You should now reboot the node, so everything is updated:

$sudo reboot

Log back in and and confirm that everything is set properly:

$sudo sh $CASSANDRA_HOME/bin/cassandra

$sudo sh $CASSANDRA_HOME/bin/cqlsh

2- Setting up Cassandra cluster

Before configuring each node, make sure Cassandra is not running:

$pkill cassandra

You'll also need to clear data:

$sudo rm -rf /var/lib/cassandra/*

As an example, I'll use a 3 node. single data center, single seed Cassandra cluster:

cas1.ca.com

cas2.ca.com

cas3.ca.com

At this point you will calculate token numbers for all cluster nodes. For a single data center with 3 nodes, using the default Murmur3Partitioner:

$python -c 'number_of_tokens=3; print [str(((2**64 / number_of_tokens) * i) - 2**63) for i in range(number_of_tokens)]'

['-9223372036854775808', '-3074457345618258603', '3074457345618258602']

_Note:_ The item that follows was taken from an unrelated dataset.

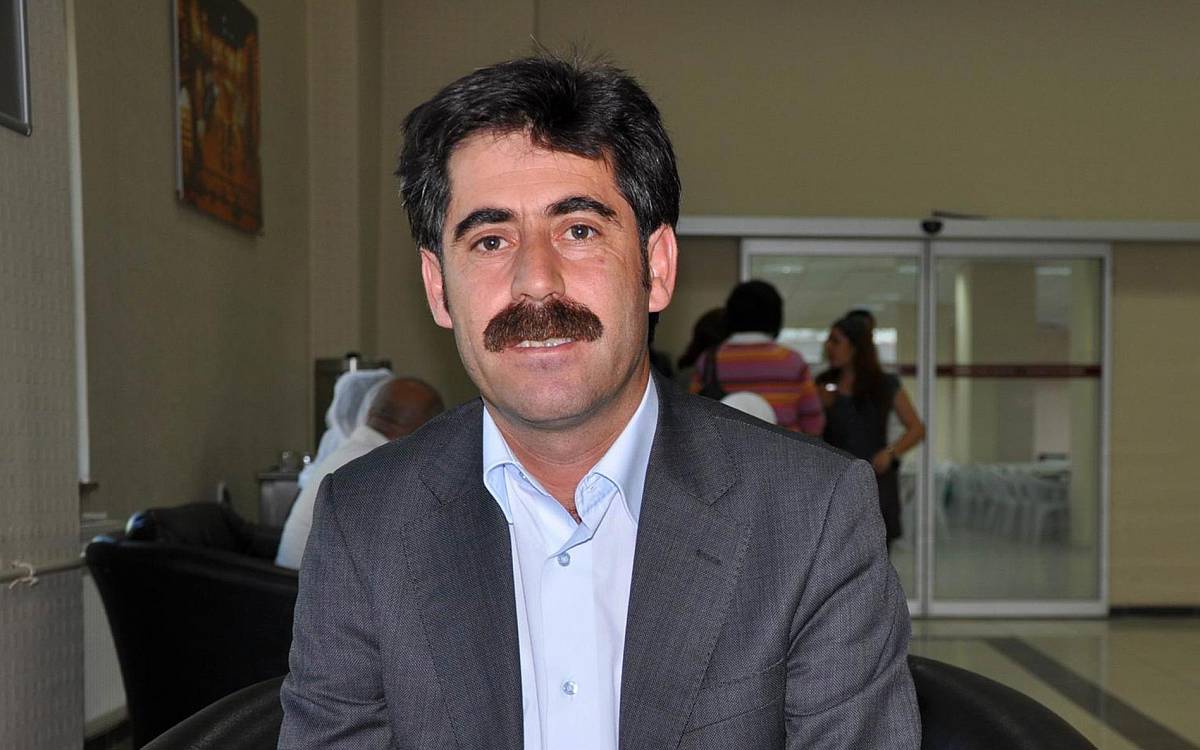 Van Eski Belediye Baskani Kaya Dan Van Halkina Tarihi Bir Ders Verdiniz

Configuration on nodes is done through customizing cassandra.yaml file:

$vi $CASSANDRA_HOME/conf/cassandra.yaml

The information you'll need to edit either can be the same for all nodes (cluster_name, seed_provider, rpc_address and endpoint_snitch) or different for each one (initial_token, listen_address, broadcast_address and broadcast_rpc_address). Choose a node to be your seed one, and look in the configuration file for the lines that refer to each of these attributes, and modify them to your needs:

cluster_name: 'clusterName'

seed_provider:

- seeds: "seedNode1IP, seedNode2IP, ..."

rpc_address: 0.0.0.0

endpoint_snitch: snitchTopology

Same on all 3 example nodes:

cluster_name: 'Hecuba'

seed_provider:

- seeds: "cas1.ca.com"

rpc_address: 0.0.0.0

endpoint_snitch: SimpleSnitch

For cas1.ca.com:

initial_token: -9223372036854775808

listen_address: localhost

broadcast_rpc_address: localhost

For cas2.ca.com:

initial_token: -3074457345618258603

listen_address: localhost

broadcast_rpc_address: localhost

For cas3.ca.com:

initial_token: 3074457345618258602

listen_address: localhost

broadcast_rpc_address: localhost

Once you have adjusted cassandra.yaml on all the nodes, start cassandra on nodes, doing it on the seed node first:

$sudo sh $CASSANDRA_HOME/bin/cassandra

At this point you have a functional multi-node Cassandra cluster.

Additional Information:
Testing the cluster

Get a description of the cluster:

$$CASSANDRA_HOME/bin/nodetool describecluster

Confirm that all the nodes are up:

$$CASSANDRA_HOME/bin/nodetool status

You should get something like this:

Datacenter: datacenter1

=======================

Status=Up/Down

|/ State=Normal/Leaving/Joining/Moving

-- Address Load Tokens Owns (effective) Host ID Rack

UN 10.151.21.124 278.38 KB 256 100.0% d194719f-6e81-4d68-a3d0-d3d94c6a056f rack1

UN 10.151.20.139 193.29 KB 256 100.0% eabf4e11-35f9-4de2-a3ad-d2de51ebefdf rack1

UN 10.151.21.137 253.45 KB 256 100.0% 775edae0-db3c-4f16-8bc5-2c41cef8b445 rack1

Create a test keyspace and table on the first node:

$$CASSANDRA_HOME/bin/cqlsh

cqlsh> CREATE KEYSPACE Hector WITH REPLICATION = { 'class' : 'SimpleStrategy', 'replication_factor' : '3' };

cqlsh> USE Hector;

cqlsh:Hector> CREATE TABLE planet( catalog int PRIMARY KEY, name text, mass double, density float, albedo float );

cqlsh:Hector> INSERT INTO planet (catalog, name, mass, density, albedo) VALUES ( 3, 'Earth', 5.9722E24, 5.513, 0.367);

Confirm you have the table replicated by running the following command on all nodes:

$$CASSANDRA_HOME:/bin/cqlsh -e "SELECT * FROM Hector.planet;"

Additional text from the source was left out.